Ratings agency analyst says re-test of January low certain, but 'mid-price' future looms
A "re-test" of the $45-a-barrel low for the benchmark Brent crude oil price is "inevitable" in the near future as supply prices continue to squeeze the market, an analyst arm of Fitch Ratings has said.
The comments from BMI Research, quoted by Reuters, came in the wake of major falls on Monday that saw the price dip below $50 for the first time in six months. A price of $45 would be symbolically significant in the UK as it is the level at which petrol prices below £1 a litre become a distinct possibility.
The Financial Times notes the first trading session in August brought a fall of 5.2 per cent to $49.52 as data showed global production continuing to rise, adding to oversupply concerns, with worries persisting over a manufacturing slowdown in China. Commodities markets have recovered some "poise" in Tuesday trading, the FT says in a separate report, and Brent has moved back marginally above $50.
BMI said prices would remain depressed in the coming months amid pressure from a strong dollar, weakening Chinese economy and the prospect of Iranian oil further flooding the market. "A re-test of Brent crude's 2015 low around $45 per barrel looks inevitable given current ample market supply and intensifying bearish market sentiment toward prices," the firm said in a note to clients.
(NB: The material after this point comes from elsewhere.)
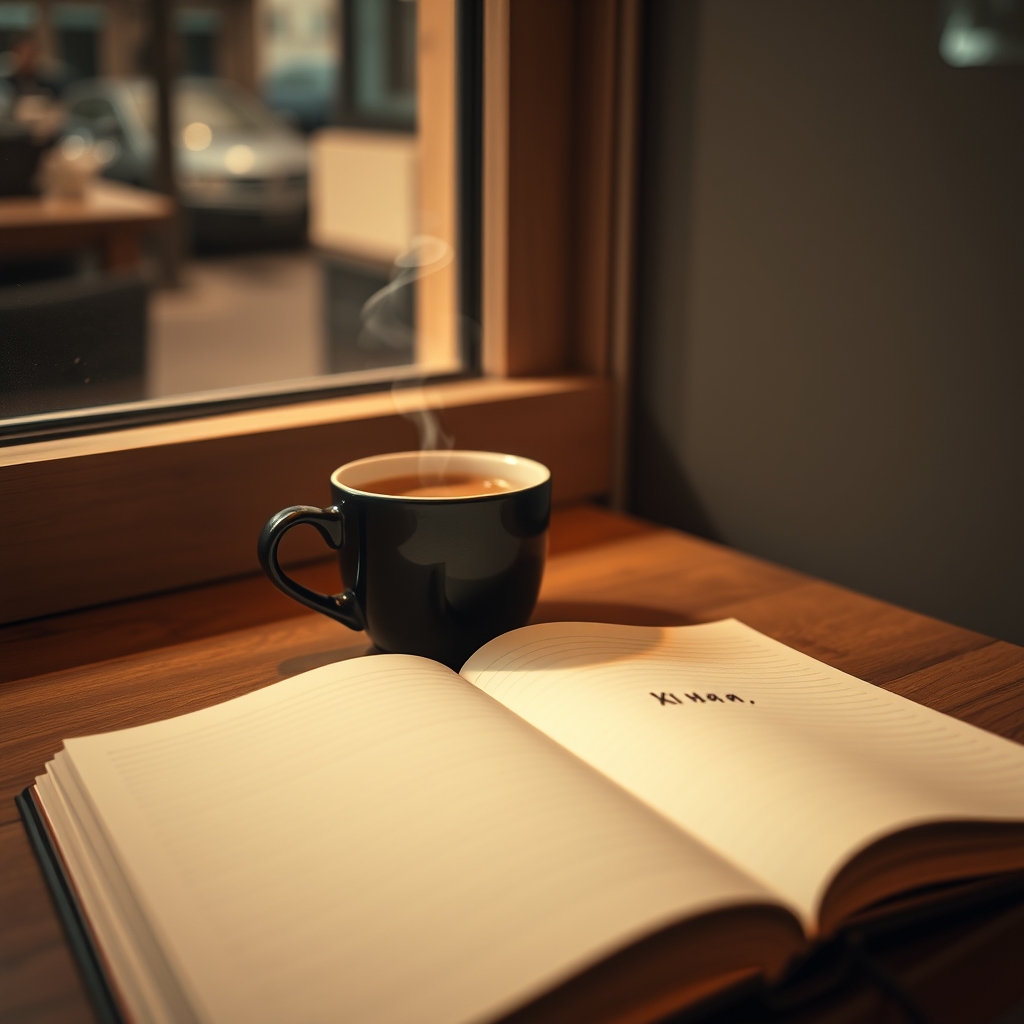A cozy, softly lit cafe corner with an open notebook and a steaming cup of coffee, where a handwritten note says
But analysts say it is unlikely there will be a return to the significantly below $50 norms pre-2005, or the high $100-plus levels the market had become accustomed to in recent years. Instead a "mid-price era" is now looming: BMI itself said it expected prices to move back towards $60 in 2016, in line with consensus forecasts of a return to $60-$70.
In the short-term, however, the trend is down. Sabine Schels, a commodities strategist with Bank of America Merrill Lynch in London, told the Wall Street Journal "we are probably a few dollars away" from a bottom, while David Hufton, of oil brokerage PVM, told the paper "the prospects of a second half-year price rebound have evaporated".
Oil price: Majors braced as $50 barrel looms
A recent renewed decline in the price of oil is gathering pace, with international benchmark Brent crude hurtling towards the $50-a-barrel threshold it last breached in January at the nadir of its year-long slump.
In London the price per barrel was hovering a little above $51 on Monday morning, after it shed close to 2.3 per cent following a similar fall in New York. It is now more than 25 per cent below the peak of its spring recovery in May and is firmly entrenched in bear market territory, with many predicting a continued slide.
The Wall Street Journal said the latest selloff followed another round of data showing a persistent supply glut, with US producers continuing to increase output and, crucially, a significant decline in manufacturing activity in China. The country is the second-largest consumer of oil in the world and the news is damaging to the outlook for demand, which needs to remain sky high to justify excess production from Opec countries and the US shale industry amid a bitter turf war.
As the FT notes, the falls come on the back of a painful week for oil exploration majors, with the likes of BP, Shell, ExxonMobil and Chevron reporting substantial declines in profit and the withdrawal of billions of dollars' worth of projects.
The industry is bracing for prices to remain low. Michele Della Vigna, co-head of European equity research at Goldman Sachs, has told CNBC that by 2020 it sees oil remaining around $50 per barrel, well below current projections of prices recovering to around $70 and a worrying sign for big oil companies. The World Bank recently said it still expects the price to recover this year and be above $70 by 2020.
Of course, for consumers, plummeting oil is good news and it is already beginning to bring down the price of fuel at the pump. According to the RAC, depending on a number of factors, there is a chance the UK could again see a litre of petrol go below the £1 mark if oil prices slip back below $45.